Al-Imam al-Ghazali bergelar
Hujjatul Islam karena beliau hafal lebih dari 300.000 hadits berikut sanad dan
matannya, selain juga beliau sebagai argumentator ulung pada zamannya dalam
menjaga agama Islam dari pengaruh aliran sesat dan aliran diluar Islam. Al-Imam
Al-Ghazali dipanuti oleh ratusan para hujjatul islam dan para Al hafidh dari
para ulama lain. Al hafidh adalah gelar ulama-ulama yang sudah hafal 100.000
hadits dengan sanad dan matannya, maka al-Imam al-Ghazali diakui oleh para ulama
lain dalam keilmuan dan pemikirannya. Beliau memiliki berbagai kemampuan yang
mumpuni di berbagai bidang pengetahuan. Karenanya, tidaklah mengherankan bila
banyak sebutan yang dialamatkan terhadapnya. Mulai dari teolog, fuqoha, filosof
sampai sebutan sufi. Banyaknya sebutan yang dialamatkan terhadapnya
mencerminkan wawasan keilmuannya yang begitu luas dan dalam. Kita bisa melihat
khasanah keilmuwan al-Imam al-Ghazali dari karya-karyanya yang sangat banyak
yang masih tersimpan hingga sekarang. Berikut ini riwayat hidup al-Imam
Al-Ghazali:
BIOGRAFI IMAM AL-GHAZALI
Al-Imam al-Ghazali bernama
lengkapnya adalah Abu Hamid Muhammad bin Muhammad bin Ahmad al-Ghazali.
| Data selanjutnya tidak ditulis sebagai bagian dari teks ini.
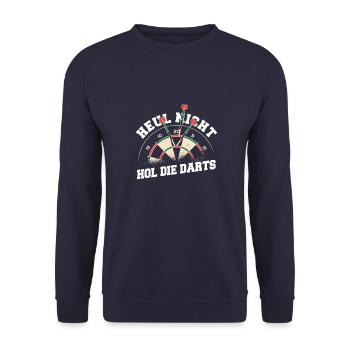 Dart Darts Dartspieler Dartsport - Unisex Pullover - Navy - Vorne - Alina (178cm) & Michal (187cm)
Beliau
dilahirkan pada tahun 450 H-505 H/1058-1111 M di Gazhalah, suatu kota yang
terletak di dekat daerah Bandar Thusiy, sebuah kota di wilayah Khurasan Persia
(Iran), bertepatan dengan tahun wafatnya al-Mawardi, seorang pengacara (Grand
Judge) di ostawa.
Beliau dipanggil (Kuniyah) dengan
nama Abu Hamid karena salah seorang anaknya bernama Hamid. Beliau bergelar
Hujjatul Islam Zain Ad-Din ath-Thusiy karena beliau seorang pakar ilmu fiqih
dari aliran madzhab dan ilmu-ilmu lain yang memumpuni setiap bidangnya. Gelar
beliau juga al-Ghazali ath-Thusi berkaitan dengan gelar ayahnya yang bekerja
sebagai pemintal bulu kambing yaitu berkerja membuat pakaian dari bulu (wol)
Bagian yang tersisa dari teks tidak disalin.